Conditional Probability and Bayes's Theorem

Conditional probability is one of the most intuitive subjects in Probability theory, which you can ascertain the basics of independence in statistical terms. Conditional probability examines the probability of an event given that another event occurs, which can be briefly explained as the probability of intersection of these two events divided by the probability of an event that is required to occur. Let's suppose the probability of event A in the condition of the event B occuring. Then we will see:

\begin{equation}p(A|B)=\frac{p(A\cap{B})}{p(B)}\end{equation}

This equation basicaly indicates that probability of event A is constrained by the event B. Thus we divide the probability of intersection of these events with probability of event B, which restricts the universal set.

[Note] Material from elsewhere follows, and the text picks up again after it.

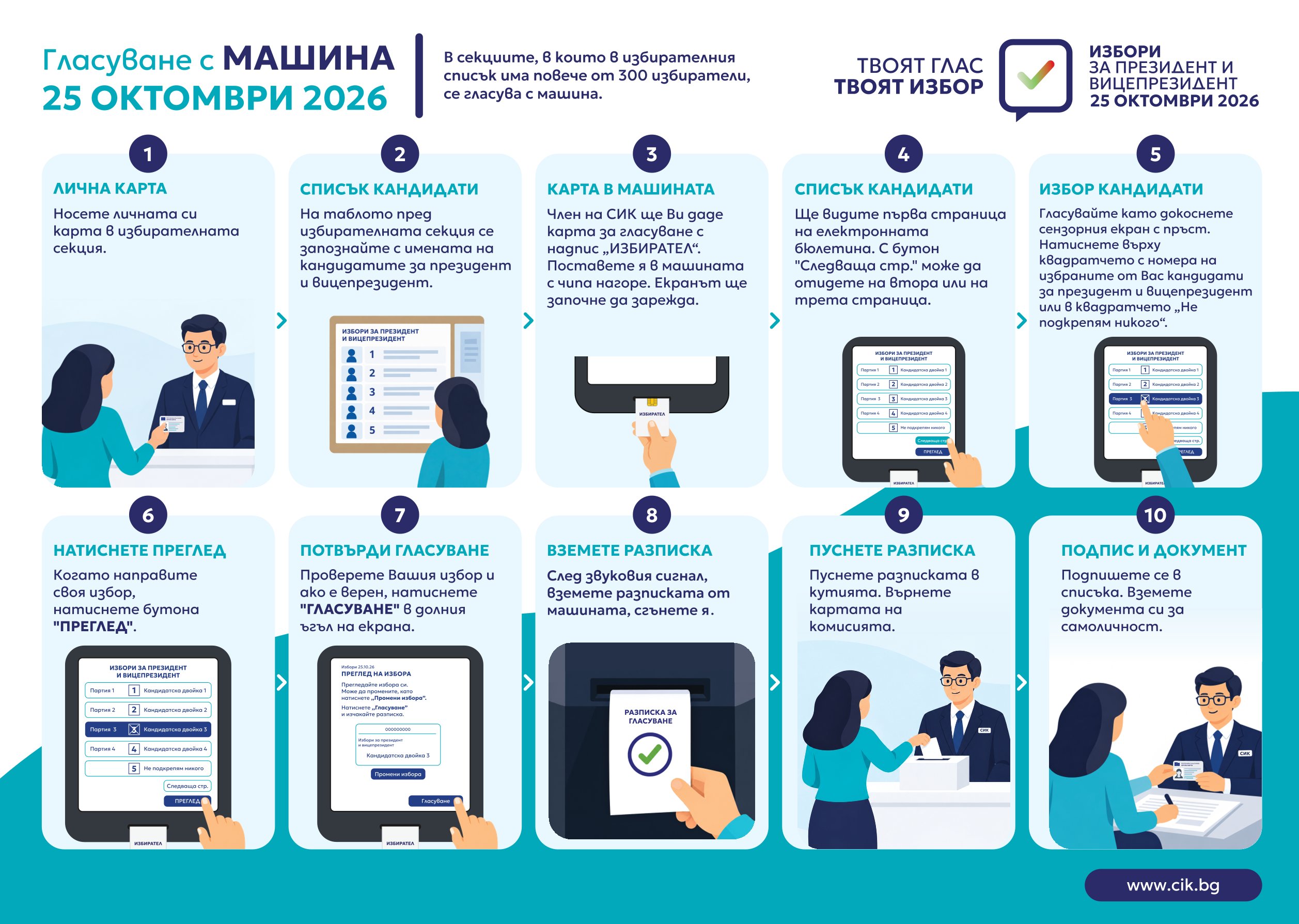 Демонстрация със специализирано устройство за машинно гласуване с инсталирана демоверсия ще се проведе на 20 октомври в Пирдоп Mashina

Most of the time, we are confused conditional probability and the one of the important features of Probability theory which is the state of mutually exclusive. In the case of mutually exclusive, the probability of intersection of these two events is equal to zero. 
\begin{equation}p(A\cap{B})=0\end{equation}

However, for the conditional probability we try to observe whether the probability of an event is dependent on another event. Yes, if two of these given events are mutually exclusive, then conditional probabilities will be equal to zero. But, rather than following this path, the term statistical independence will arise. To find whether two events are independent from each other, mutually exclusiveness does not help us to find a sufficient conclusion (if two events are mutually exclusive and indepent from each other, at least one of the events has zero probability of occuring). 

So, if the probability of event A is equal to conditional probability of event A in the condition of event B, then these two events are independent. Because, the existence of event B as a constraint on event A does not lead to change in probability of event A.
\begin{equation}p(A|B)=\frac{p(A\cap{B})}{p(B)}=p(A)\end{equation}
\begin{equation}p(A\cap{B})=p(A)\times p(B)\end{equation}

Most appopriate example would be coin toss. We know that the conclusion we will get for tossing a coin is not dependent on the conclusion that we got from previous toss. Thus, we multiply each try with each other in order to find the probability:

\begin{equation}p(E_1\cap{E_2}\cap{E_3})=p(E_1)\times p(E_2)\times p(E_3)\end{equation}

To briefly explain the difference between mutually exclusive and statistical independence, take two different events that are not dependent to each other in logical sense. Suppose first event is drinking water and second one is a car passes in front of the home. These events cannot be related in a logical base. However, one might experience a time period while drinking water a car passes in front of his home. This reduces the mutually exclusiveness of these two events, though this does not mean that these two events are not independent. 

For the Bayes's theorem I would like to indicate that there is a whole subject about the Bayesian Statistics where certain features of Bayesian indicators are discussed. However, we will briefly evaluate the Bayes's Theorem in order to simplify the process. Basicly, the Bayes's Theorem is a beneficial tool for renovating our beliefs based on previous beliefs and additional information.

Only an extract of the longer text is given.